Shoppers like Khalil are helping to buoy growth for Indianapolis-based Simon Property Group Inc., which acquired the Seattle Premium Outlets through its $3.5 billion purchase of Chelsea Property Group in 2004.

Luxury outlet malls—where upscale retailers such as Coach Inc. and Michael Kors Holdings Ltd. hawk discount goods—are now the main source of expansion for the Indianapolis-based real estate investment trust, the country’s largest.

“The purchase of Chelsea by Simon eight years ago was arguably the best REIT merger ever,” said Cedrik Lachance, a managing director at real estate research firm Green Street Advisors Inc. in Newport Beach, California. “Outlet investing has been tremendously successful for Simon.”

The discount malls have helped make Simon the best-performing retail real estate stock of the past five years, and it’s a business that the No. 2 U.S. mall landlord, General Growth Properties Inc., doesn’t have. Hedge-fund manager Bill Ackman, whose Pershing Square Capital Management LP owns about 10 percent of General Growth, is lobbying for the companies to combine, even as Simon said last week that it has no interest in buying its rival.

Outlets were among several factors that Ackman highlighted in pushing for a deal.

“Simon’s dominant participation in the outlet mall business, in which GGP has no presence, has proven to be a retail real estate sector with a high degree of resilience during periods of economic weakness, and a significant contributor” to funds from operations, a measure of cash flow, Ackman said in an Aug. 27 letter to General Growth’s board.

In 2004, the year Simon bought Chelsea, General Growth spent $11.3 billion to buy Rouse Co., an owner of full-price malls and land for master-planned communities — a deal Simon passed up. The purchase was part of an acquisition spree that saddled Chicago-based General Growth with $27 billion of debt. When it couldn’t refinance the loans in 2009, the company became the biggest in real estate firm to file for bankruptcy.

Simon tried to buy General Growth when it was in bankruptcy. It lost to a group led by Ackman and Toronto-based Brookfield Asset Management Inc., which now owns about 42 percent of the company and said it has no plans to sell its stake. General Growth also said it won’t explore a sale.

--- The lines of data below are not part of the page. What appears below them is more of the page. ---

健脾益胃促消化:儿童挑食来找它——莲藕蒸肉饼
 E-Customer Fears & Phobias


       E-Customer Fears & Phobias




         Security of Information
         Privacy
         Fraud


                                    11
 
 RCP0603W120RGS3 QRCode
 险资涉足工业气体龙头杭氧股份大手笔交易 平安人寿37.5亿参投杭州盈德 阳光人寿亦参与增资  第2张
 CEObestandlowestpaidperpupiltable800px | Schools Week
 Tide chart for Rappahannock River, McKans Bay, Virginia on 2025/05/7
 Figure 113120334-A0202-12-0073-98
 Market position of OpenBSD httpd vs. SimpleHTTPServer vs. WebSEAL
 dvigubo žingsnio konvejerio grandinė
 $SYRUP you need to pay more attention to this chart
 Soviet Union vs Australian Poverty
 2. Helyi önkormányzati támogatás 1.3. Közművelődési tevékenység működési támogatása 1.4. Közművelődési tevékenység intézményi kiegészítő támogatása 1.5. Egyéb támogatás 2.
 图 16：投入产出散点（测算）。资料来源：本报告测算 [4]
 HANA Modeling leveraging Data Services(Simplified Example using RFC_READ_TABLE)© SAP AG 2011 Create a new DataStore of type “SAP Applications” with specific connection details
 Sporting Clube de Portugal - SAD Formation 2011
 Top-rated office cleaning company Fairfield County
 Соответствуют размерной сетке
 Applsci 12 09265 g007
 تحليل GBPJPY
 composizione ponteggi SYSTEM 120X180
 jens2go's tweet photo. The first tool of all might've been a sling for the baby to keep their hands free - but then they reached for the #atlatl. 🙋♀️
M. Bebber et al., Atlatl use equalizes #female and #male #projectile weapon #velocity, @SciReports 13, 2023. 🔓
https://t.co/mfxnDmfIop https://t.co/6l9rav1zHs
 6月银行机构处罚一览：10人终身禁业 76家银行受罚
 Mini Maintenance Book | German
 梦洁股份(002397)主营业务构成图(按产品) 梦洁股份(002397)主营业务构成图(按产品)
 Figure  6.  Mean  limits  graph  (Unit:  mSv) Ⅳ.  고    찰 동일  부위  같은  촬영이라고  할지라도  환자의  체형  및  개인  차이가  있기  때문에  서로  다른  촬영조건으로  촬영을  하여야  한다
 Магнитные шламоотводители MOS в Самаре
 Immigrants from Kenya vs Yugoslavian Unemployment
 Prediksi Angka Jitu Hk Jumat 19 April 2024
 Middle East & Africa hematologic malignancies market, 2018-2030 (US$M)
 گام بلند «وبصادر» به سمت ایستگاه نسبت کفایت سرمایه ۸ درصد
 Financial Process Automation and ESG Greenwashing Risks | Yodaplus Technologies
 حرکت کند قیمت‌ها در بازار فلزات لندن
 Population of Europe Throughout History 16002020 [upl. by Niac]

Outlets make up about 12.5 percent of the gross leasable space of Simon’s properties worldwide. They represent about one-third of the company’s asset value, Lachance said. Simon operates 72 Premium Outlet Centers in 28 states and Puerto Rico, Asia and Mexico, with plans to open six more in 2013, including its first in Canada and Brazil.

Premium Outlets, which include more red-carpet designers than conventional outlet stores, have grown by exploiting consumers’ desire for brand-name fashion and household goods while meeting retailers’ needs to boost sales and pay lower rents during a time of sluggish economic growth.

“It’s a huge trend,” said Jeremy Moller, a retail broker at JSH Properties Inc. in Seattle. “After the crash, a lot of retailers realized they could sell only so many $600 bags.”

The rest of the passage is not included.